I had found myself there by rather a lucky coincidence. A week’s holiday to Barcelona with my long suffering other half had been booked as a precursor to leaving my life in Lebanon behind, the country that I had called home for seven years, and returning to Cambridge to look after my terminally ill father.


She’d been insistent that we book our hotel before our flight – just to be on the safe side. Like usual, I’d ignored her (As an aside, she often tells me I never listen. My response is that I always listen. How else would I be able to do the opposite of everything she says?).


Unfortunately (or perhaps, in hindsight, rather fortunately), it turned out that the week we’d booked coincided precisely with The World Mobile Conference and, with 100,000 delegates in town, every hotel was fully booked. ‘Don’t worry hayete,’ I explained. ‘I’ve found us an amazing deal at a beautiful 5* star hotel in the countryside. What luck!’ I may or may not have failed to mention it was at a resort with two golf courses and was an hour and a half from Barcelona – consensus on this topic has still not been reached two years later. Anyway, I digress…


‘Hola 7amez,’ I said to the starter in my comically bad Spanish accent (his name tag told me he was ‘James’). ‘Como estas?’


‘Not bad mate,’ he replied in his startlingly bland English accent. He was from Lincolnshire it transpired and, having come on holiday to Northern Catalyuna 12 years previous, he had never left. ‘Why would you?’ he explained, a sentiment with which it was hard to argue.


James, as we had now established his name was pronounced, and I got chatting. He was a very good golfer and played off 3. But, he explained, in spite of having played golf for 40 years, worked on a golf course for the last 10, and with daily practice and much frustration, until two years previous he had been perennially stuck with a handicap of 11. So what had changed?


Rather prosaically, he told me, the only difference was he’d started practicing his short game. After doing the same thing for 40 years and not improving, very quickly his scores came down, his frustration decreased and his enjoyment went up.


Of course, this is never going to be completely analogous with cricket – there’s no direct equivalent for the short game.
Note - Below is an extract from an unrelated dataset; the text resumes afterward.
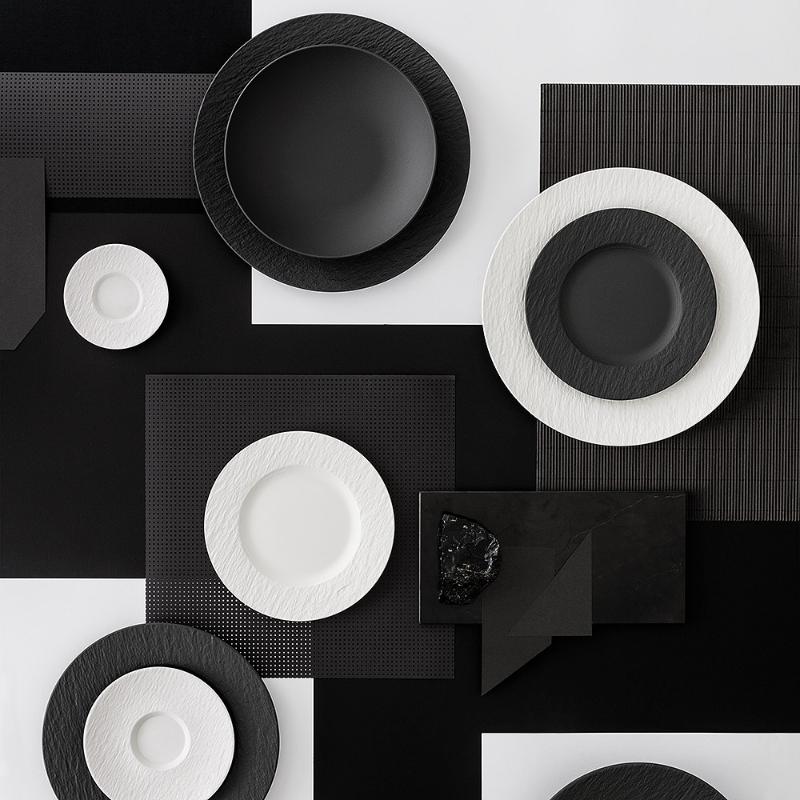 Villeroy & Boch Manufacture Rock Tallrik flat utan bräm 25 cm Vit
But I think the point worth making is perhaps in cricket, particularly with batting, we don’t improve because we are looking for improvements in the wrong places. Sometimes, the keys to improvement, like with James and his golf, are staring at us in the face but are so blindingly obvious we just don’t see them.


This topic came up in conversation recently with Joy. With lockdown making in person sessions impossible, she had taken to sending me videos of her hitting tennis balls in the living room – editing out the odd smashed light bulb and broken window. Conversely, I had been sending her YouTube links of batters who I thought exemplified the areas in which I thought she might improve.


Recently however, I tried a different tact. I sent her a video of Dom Sibley as an example of what not to do. In spite of what Joy has been told by coaches and armchair enthusiasts alike – that women cricketers are unable to hit the ball through the off side – her main issues pertain to the opposite.


Like many amateurs who play at a high level (and even many professionals), she is very strong through the off side but she can struggle to access the on. Certainly for right handed batters, I believe that the very best – those who would fall in the category of great – see the ball hitting the stumps as not a danger to their wicket but as an opportunity to score.


Ricky Ponting, Sachin, KP, Michael Clarke, Steve Smith et al. may appear to be LBW candidates but their averages would suggest otherwise. They play predominantly on length rather than line. A ball hitting the stumps is invariably full and, unlike the ball outside off stump, the outside edge is rarely at risk.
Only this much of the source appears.